Wednesday, September 1, 2010

Busted!


This is the change that I took from the store yesterday by accident. It was in the coin dispenser with my change. I think the person before me forgot to take it.

By the time I realized I had to much change, I was at my car and didn't really feel like turning back, but I knew I should have.

Well, short story made long, I felt so guilty this morning that I had to take it back to the store today. So glad I did. I know that .60 cents doesn't seem like a lot, but 60 vs. being a disobedient child of God when He clearly tells you this is not yours is so not worth it. I don't like guilt. I like truth!

I tried to rationalize the extra change as a "blessing" from God, but He wasn't having that. I tried to tell him, I will give it as an offering. He wasn't going for that either. I told Him, I would return it and so I did!

My basic motive is this. I don't want anything that the Lord does not want me to have. If it's not from Him, I don't want it. And I really don't think He wanted what I clearly knew wasn't mine to be given in his offering plate. I find it funny how easily I can rationalize what I have even when I know it's not mine. And before God too, like He can't see through me!

There are many things in our lives, even little things that don't seem like a big deal, BUT to God they mean everything. The little habits that we think no one will notice. The things we hold onto even though we know God sees. Practices in our lives that might not necessarily be bad, but just not what the Lord wants for us. The spare change things in our life that God simply wants us to return and be rid of even if no one notices.

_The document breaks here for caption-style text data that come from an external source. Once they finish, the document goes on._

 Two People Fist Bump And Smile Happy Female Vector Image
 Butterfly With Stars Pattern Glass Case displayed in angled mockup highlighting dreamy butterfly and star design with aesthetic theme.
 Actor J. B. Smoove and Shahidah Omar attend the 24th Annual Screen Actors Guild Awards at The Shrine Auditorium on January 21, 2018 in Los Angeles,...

Lord, thank you for being a God of 200,000,000 chances. You forgive so freely, You speak so clearly, You instruct, curb and guide so fairly. Help us to follow you and listen to you as we walk though this life, making mistakes, but knowing that you are slow to anger and abounding in steadfast love. Thank you Lord for dealing with me. I love you.

1 comment:

  1. Beautiful prayer, I agree with you on the "little things" meaning everything to God. He sees our secret heart and that's the one He wants to change because the heart we portray and wear on the outside is already kind of cleaned up, manageable, rated G, acceptable for public display. Good heart check for me today.